Sylow theorems

(This post is mostly to set up a kind of structure for the website; in particular, to be the first in a series of posts summarising some mathematical results I stumble across.)

EDIT: There is now an Anki deck of this proof, and a collection of poems summarising it.

In Part IB of the Mathematical Tripos (that is, second-year material), there is a course called Groups, Rings and Modules. I took it in the academic year 2012-2013, when it was lectured by Imre Leader. He told us that there were three main proofs of the Sylow theorems, two of which were horrible and one of which was nice; he presented the “nice” one. At the time, I thought this was the most beautiful proof of anything I’d ever seen, although other people have told me it’s a disgusting proof.

Theorem - the Sylow Theorems

Let \(G\) be a group, of order \(p^k m\) for some prime \(p\), where the HCF \((p,m) = 1\). Then:

  1. There is a subgroup \(H\) of \(G\), of order \(p^k\) (a Sylow p-subgroup);
  2. All such subgroups are conjugate to each other;
  3. The number of such subgroups, \(n_p\), satisfies \(n_p \equiv 1 \pmod p\) and \(n_p \mid m\).

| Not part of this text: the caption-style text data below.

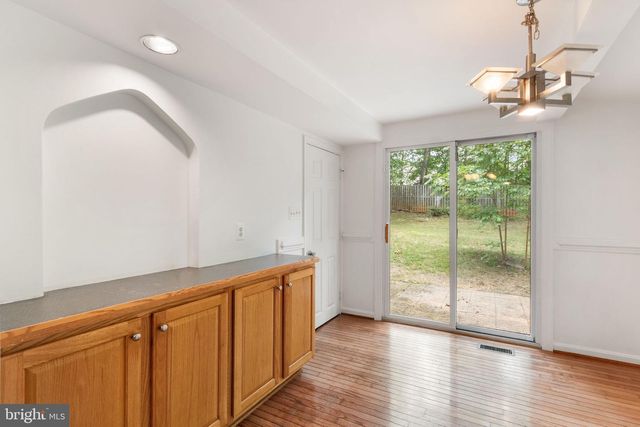112 LAKEVIEW PARKWAY, Locust Grove, VA 22508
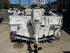 Quintrex 430 Fishabout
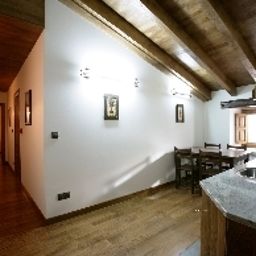  Casa da Igrexa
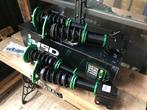 HSD Mono Pro schroefset verlaging Nissan 200sx S14 S14a S15, Ophalen of Verzenden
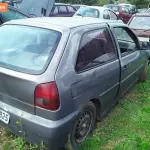 Foto 8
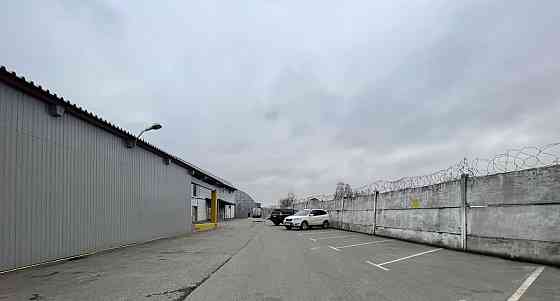 Свободного назначения, 504 м2 Люберцы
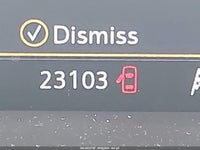 Şəkil 15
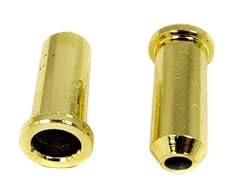 Pack gold bass for sale  Delivered anywhere in UK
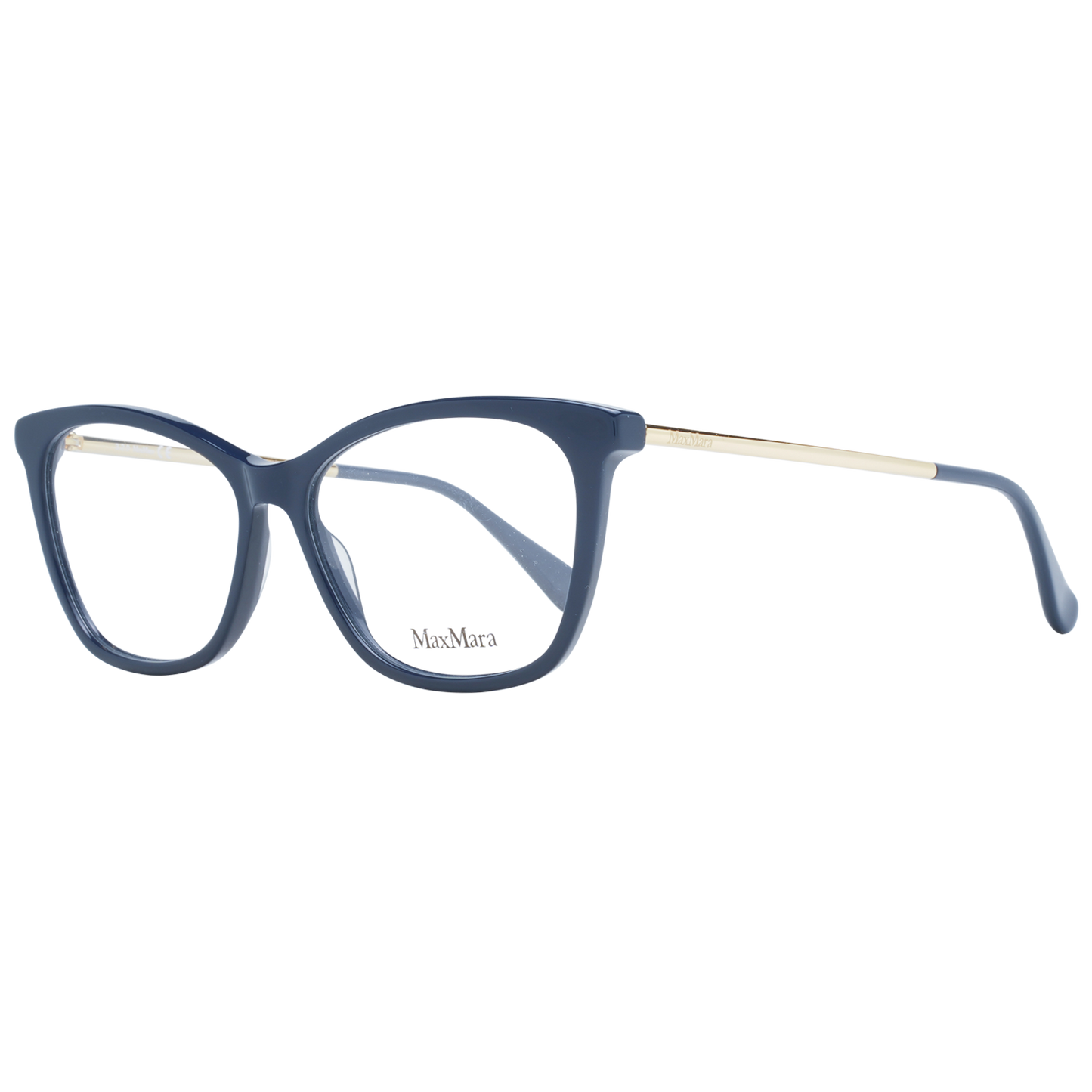 Max Mara Akiniai MM5009 54092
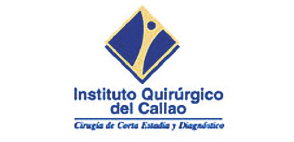 Instituto Quirurgico Callao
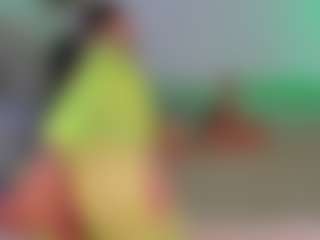 valeryguti1's Live Sex Cam Show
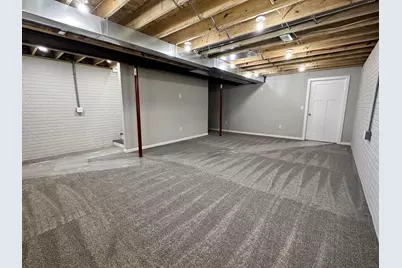 1905 County Road 26, Marengo, OH 43334 - Photo 43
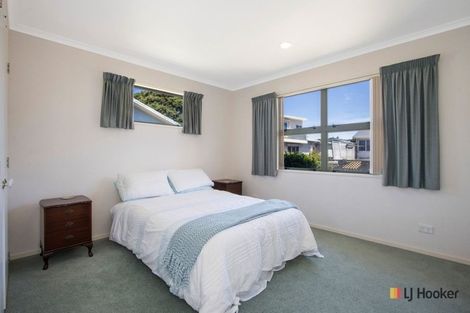 Photo of property in 10 Shaw Road, Waihi Beach, 3611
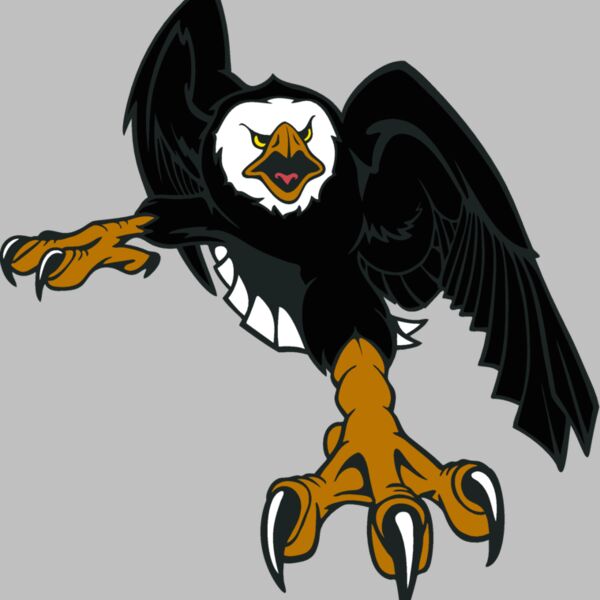 eagle08v4clr Thumbnail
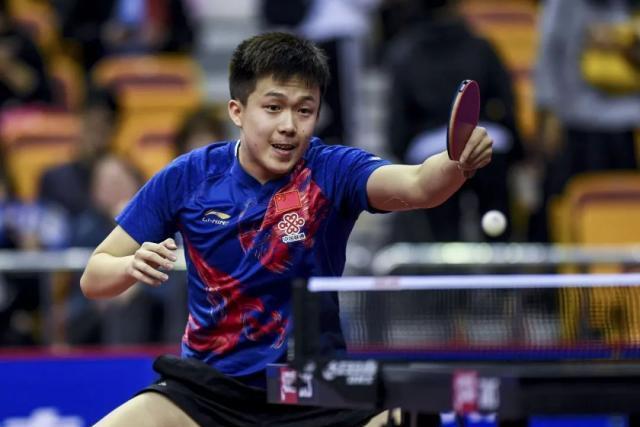 许多进球都 许多进球都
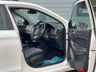 USED 2017 67 HYUNDAI I20 1.2 SE Hatchback 5dr Petrol Manual Euro 6 (84 ps) 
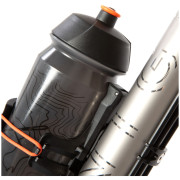 Flaschenhalter Restrap Side Release Bottle Cage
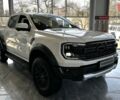 Форд Ranger Raptor 2024 року купити нове авто Форд Ranger Raptor 2024 року від офіційного дилера Автоцентр AUTO.RIA Форд фото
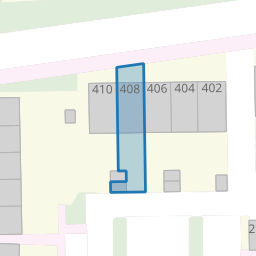 Perceel SKN00-F-7265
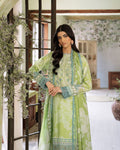 Roheenaz | Flora Printed Lawn | Euphoria - by - Libasekhas UK - Registered Vendor of : Roheenaz - 100% Original Designer Dresss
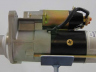 AES ACS-174 starteris
1811004142, 1811004173, 8980608540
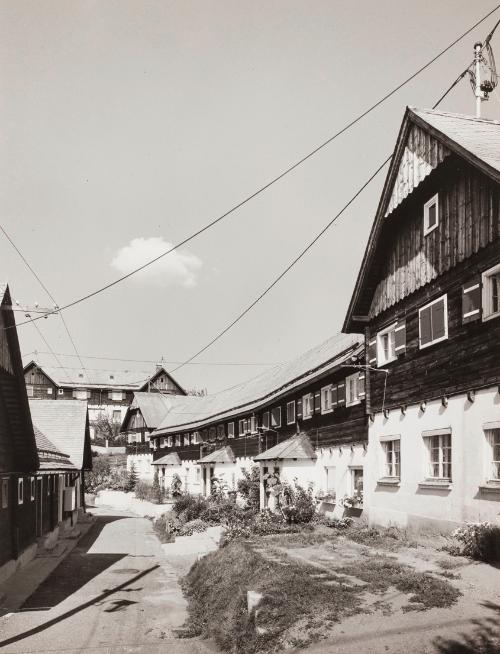 Landessammlungen Niederösterreich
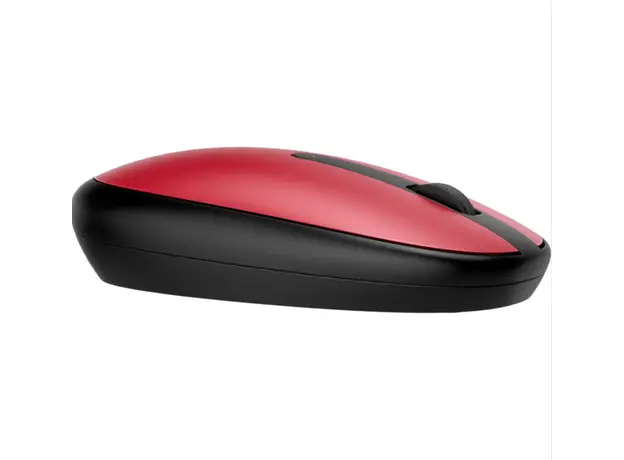 Mouse HP 240 EMR BT/43N05AA, 3 image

The proof goes as follows: pick a p-subgroup \(P\) to be of maximal size; then introduce its normaliser \(N\), and show that the orbit of \(P\) under the conjugation action when \(P\) acts on itself is precisely the set of Sylow p-subgroups.

First Sylow theorem

The proof starts out in a natural way, by naming a subgroup \(P\) of order \(p^a\) for some \(a\). Such a subgroup certainly exists, by Cauchy’s Theorem (which has \(a=1\)). If we select \(a\) to be maximal, then we wish to show that \(a=k\), or equivalently (which seems even easier) that \(\dfrac{ \vert G \vert }{ \vert P \vert }\) is not a multiple of \(p\).

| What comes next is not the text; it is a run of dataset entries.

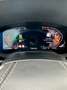 BMW 518 518d Touring Aut. - thumbnail 11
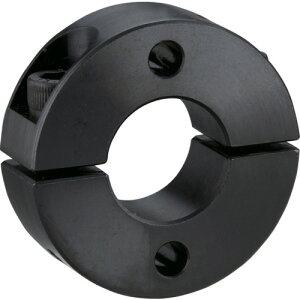 c쏊 IWATA Zp[gJ[ 2t  SCSS1515CP2 [806-321083]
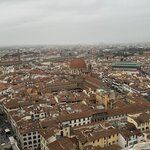 Photo taken by DeMarie I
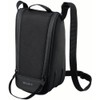 Sony ACB Carry Case for Handycam - Black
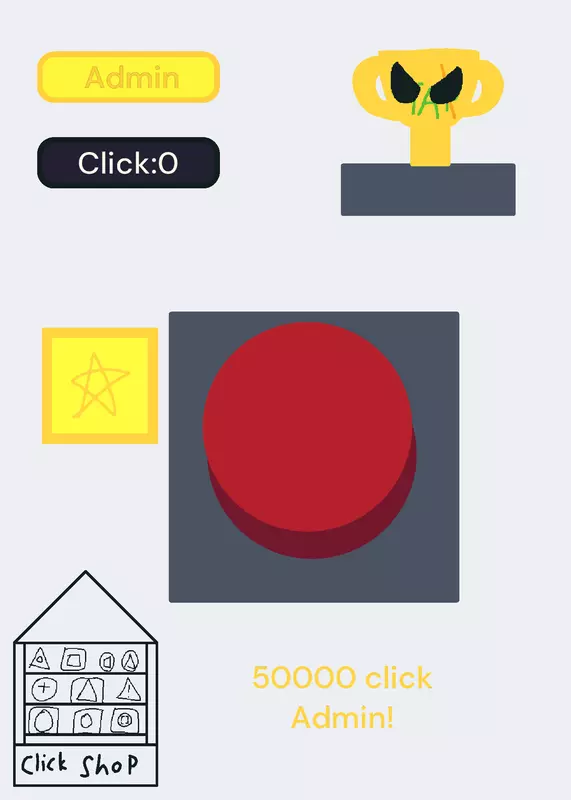 Game by @arasoyuncu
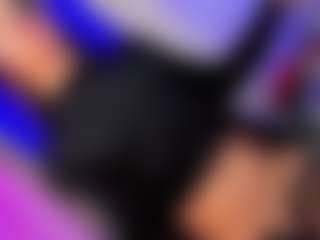 Live cam show with Zara-gill - HD on SinfulBabes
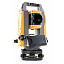 геодезический тахеометр Topcon GM-55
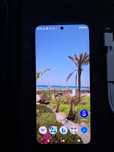 Motorola g 52 128GB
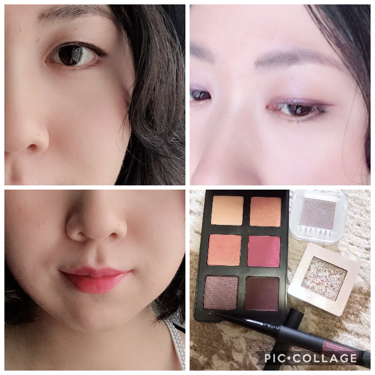 トップ シークレット CC クリーム/YVES SAINT LAURENT BEAUTE/CCクリームの動画クチコミ3つ目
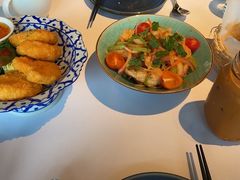 -BetterThai 泰加(苏州中心店)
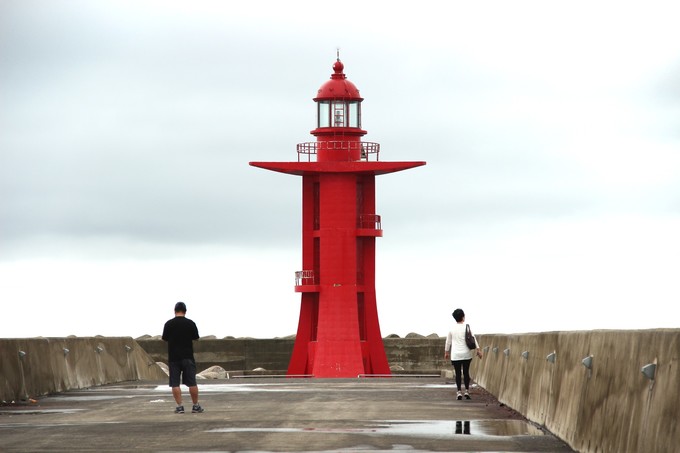 济州岛沉浸式体验,济州岛体验韩妆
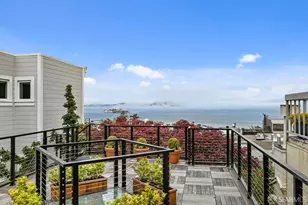 69 Telegraph Pl, San Francisco, CA 94133 - Photo 67
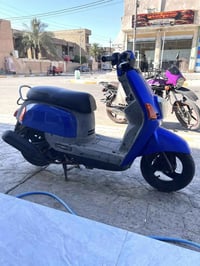 بوليس نوزل • ٢٠١٤ • ما بيها نقص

Now, how do we show that \(\dfrac{ \vert G \vert }{ \vert P \vert }\) is not a multiple of \(p\)? Well, we don’t know anything about such a quotient unless \(P\) is normal in \(G\). But we can’t guarantee this - so let’s introduce a subgroup, \(N\), in which \(P\) is normal. The natural one to pick, because we’re trying to make the subgroup as big as possible, is the normaliser \(N(P)\) - that is, \({g : g P g^{-1} = P}\), or \(Stab_G(P)\) under the conjugation action. This is the largest subgroup of \(G\) in which \(P\) is normal.

Then we want to show that \(\dfrac{ \vert G \vert }{ \vert N \vert } \times \dfrac{ \vert N \vert }{ \vert P \vert }\) is not a multiple of \(p\); this is true if and only if neither of the multiplicands is divisible by \(p\).

The second multiplicand

It looks like it will be easier to start with the second multiplicand, because it’s got a really really obvious interpretation.

We want to show that \(\dfrac{ \vert N \vert }{ \vert P \vert }\) is not a multiple of \(p\). Now, from the First Isomorphism Theorem we have \(\dfrac{ \vert N \vert }{ \vert P \vert } = \vert \dfrac{N}{P} \vert \).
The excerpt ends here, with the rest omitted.